Exercise directions → Go to the line holding "波斯特尔Gruberhof的餐厅设有4张带黄桌布的桌子" in the data below. Return it and each line after it through the last, exactly, and skip the pictures.

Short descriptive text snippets

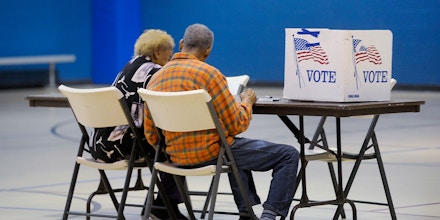 DURHAM, N.C - NOVEMBER 8:  An elderly couple reads a ballot prior to voting on November 8, 2016 in Durham, North Carolina.  African American turn out to the polls was reporting low across the battleground state. (Photo by Sara D. Davis/Getty Images)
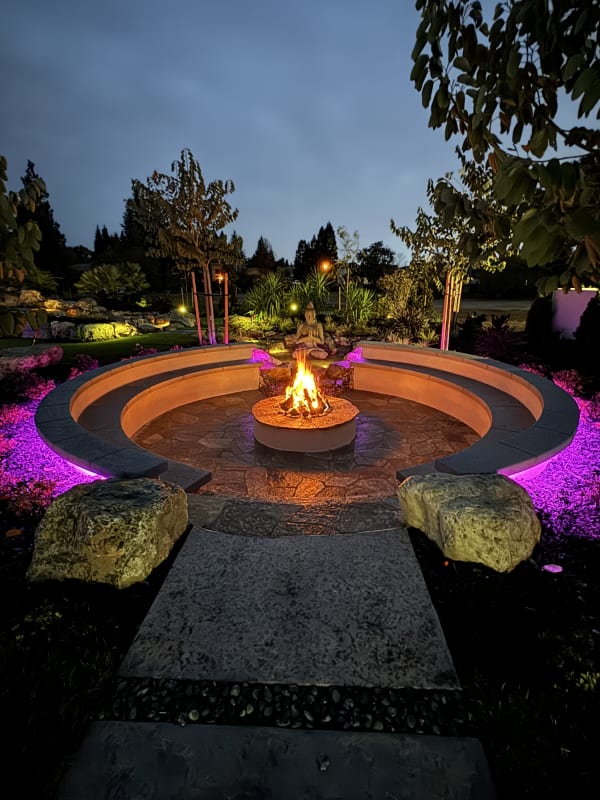 Call Residence – circular fire pit with purple lighting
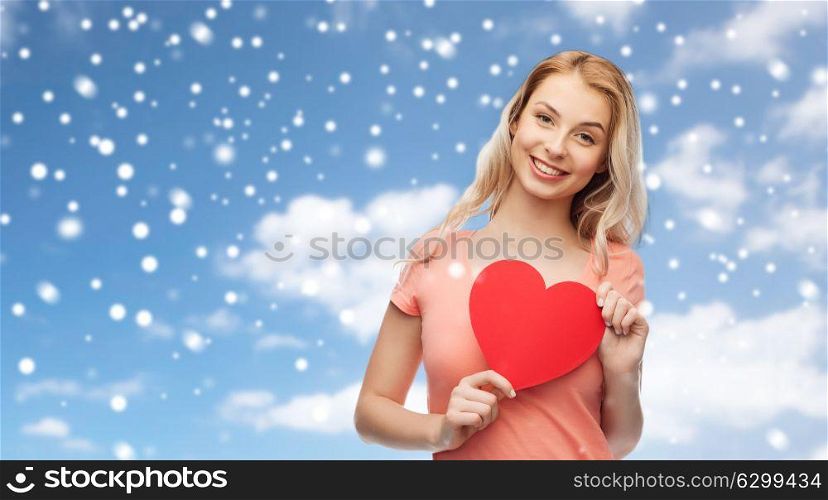 love, charity, valentines day and people concept - smiling young woman or teenage girl holding blank red heart shape over blue sky and clouds background with snow. happy woman or teen girl with red heart shape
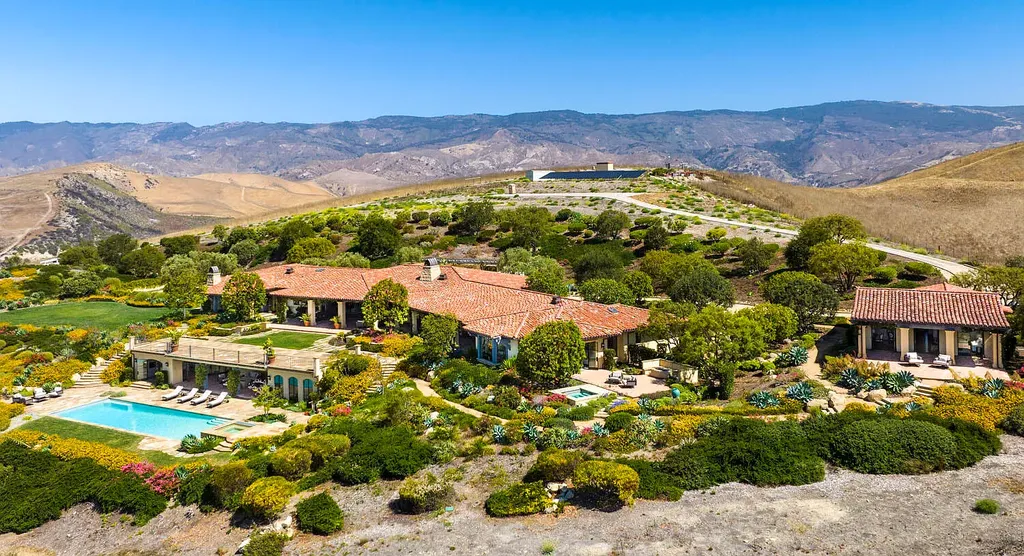 13600 Calle Real Home in Goleta, California. Escape to the enchanting Villa Del Mare, a blend of Old California charm and modern luxury on 287 acres near Refugio State Beach. With panoramic views of the coastline and foothills, this one-level estate offers 5 en suite bedrooms, spacious entertainment areas, a private helipad, and sustainable features like solar power and private water sources.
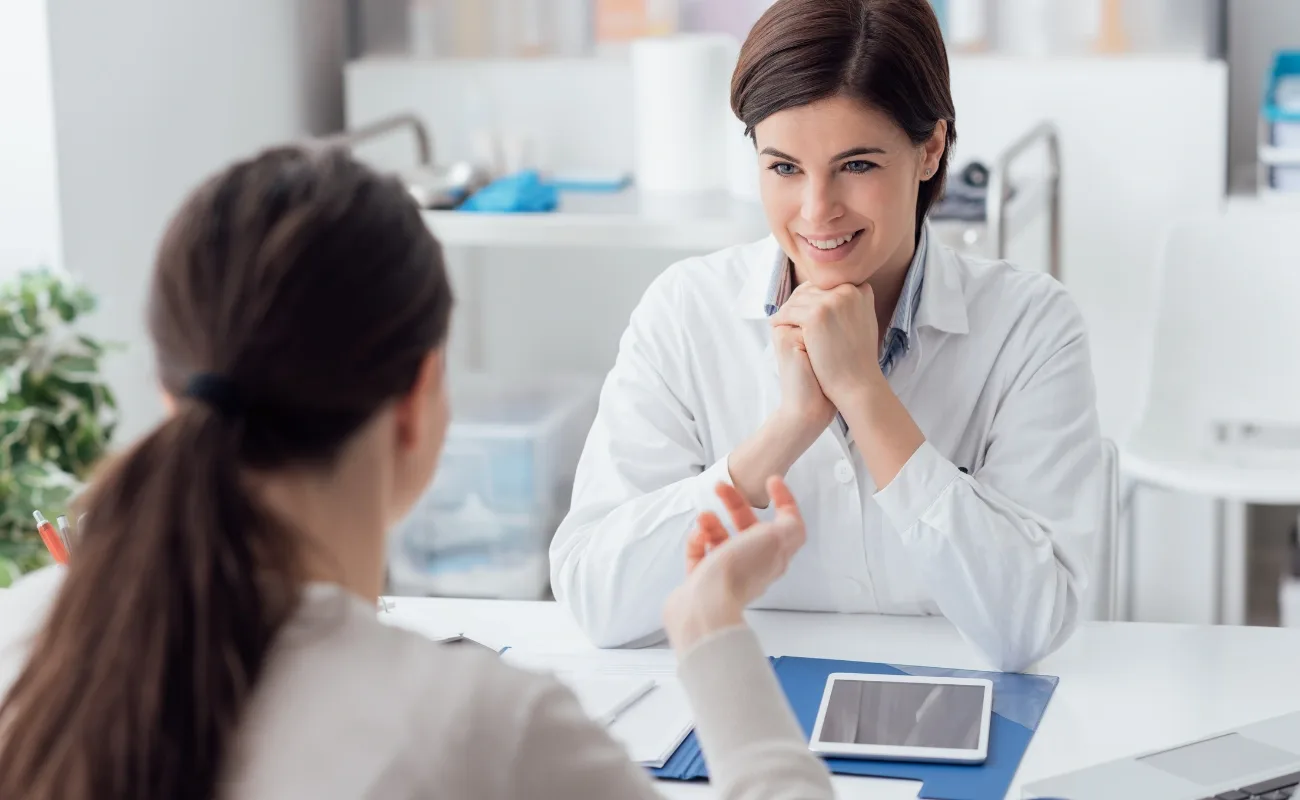 primary care office visit with family doctor and patient
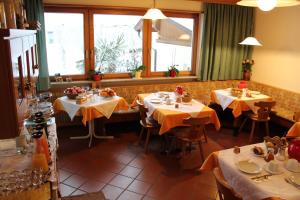 波斯特尔Gruberhof的餐厅设有4张带黄桌布的桌子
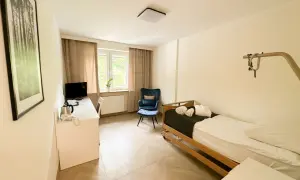 Pokój hotelowy z łóżkiem, biurkiem, fotelem i obrazem z lasem.
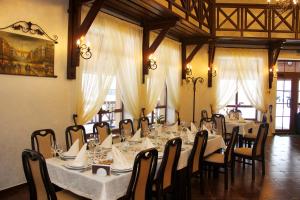 a dining room with long tables and chairs with white table cloth at Chalet Hotel in Zhytomyr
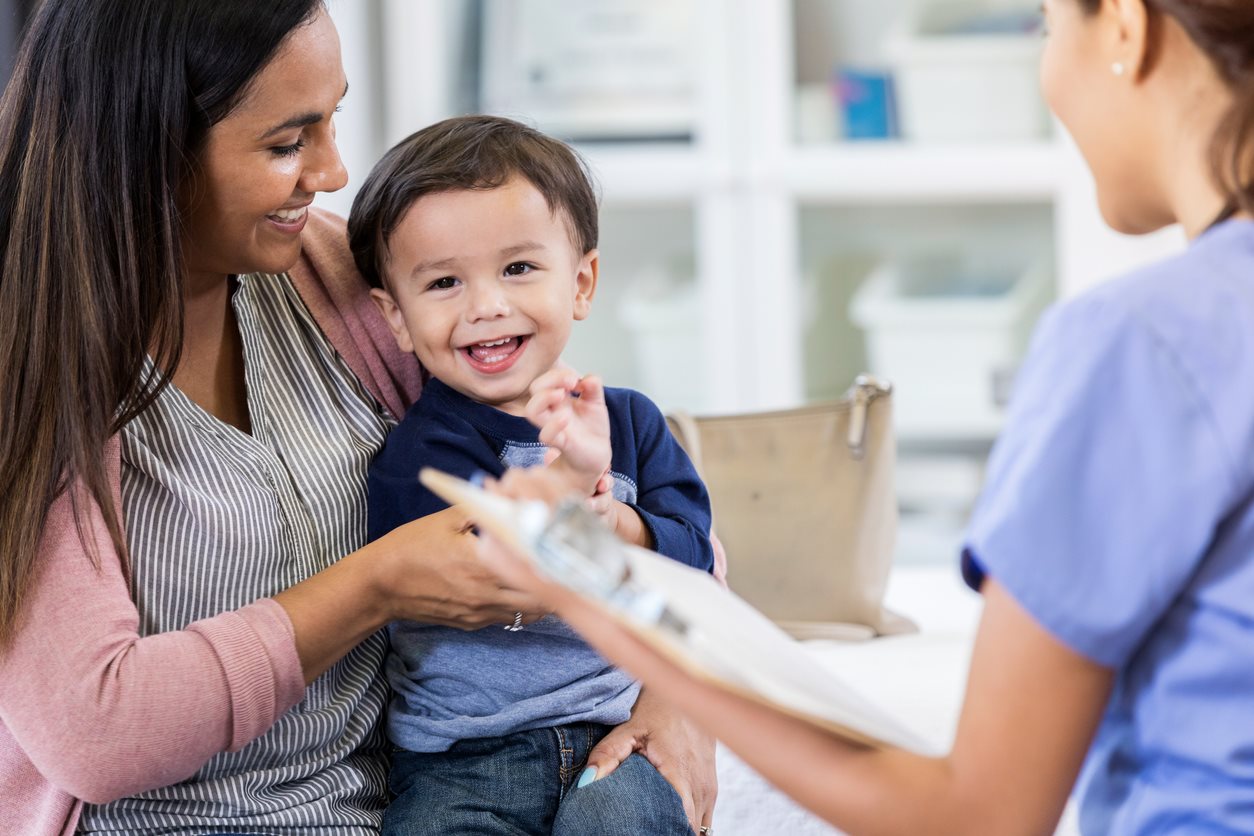 child and parent doctor visit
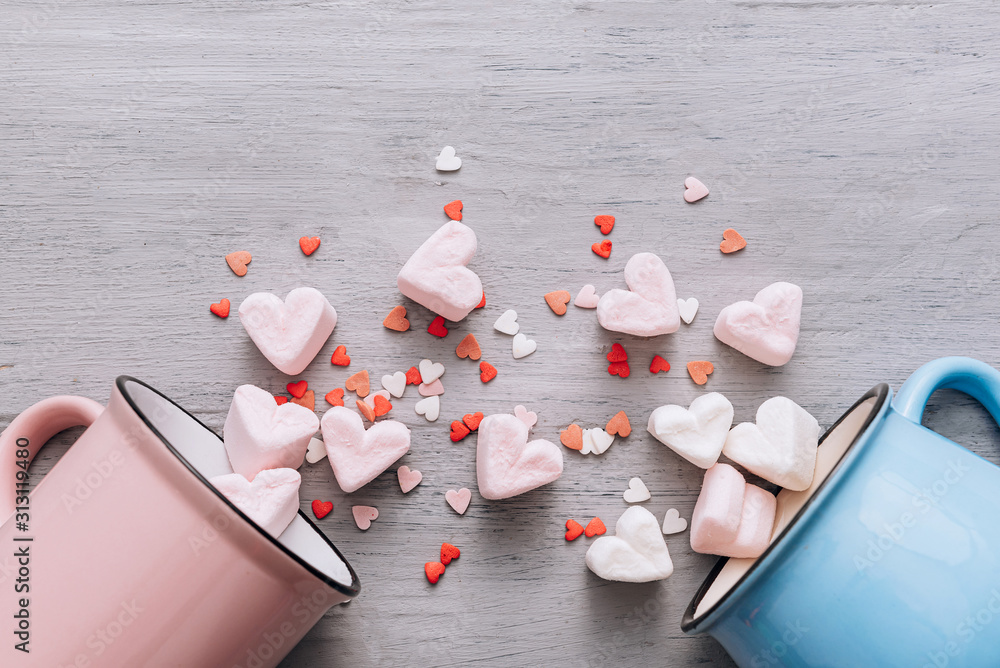 two mugs of blue and pink lie on their side, small candy hearts and marshmallow hearts spilled out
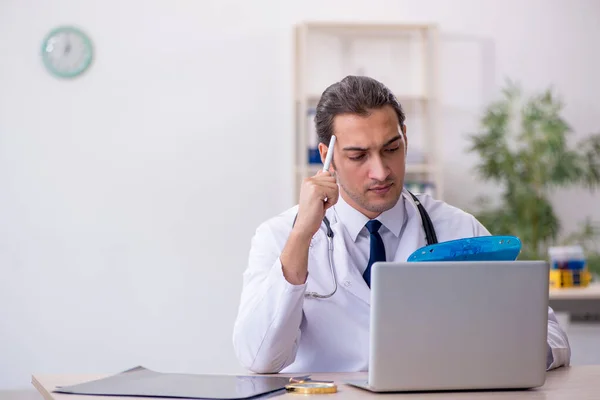 Young male doctor taking notes at the hospital — Stock Photo, Image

Task answer →
 波斯特尔Gruberhof的餐厅设有4张带黄桌布的桌子
 Pokój hotelowy z łóżkiem, biurkiem, fotelem i obrazem z lasem.
 a dining room with long tables and chairs with white table cloth at Chalet Hotel in Zhytomyr
 child and parent doctor visit
 two mugs of blue and pink lie on their side, small candy hearts and marshmallow hearts spilled out
 Young male doctor taking notes at the hospital — Stock Photo, Image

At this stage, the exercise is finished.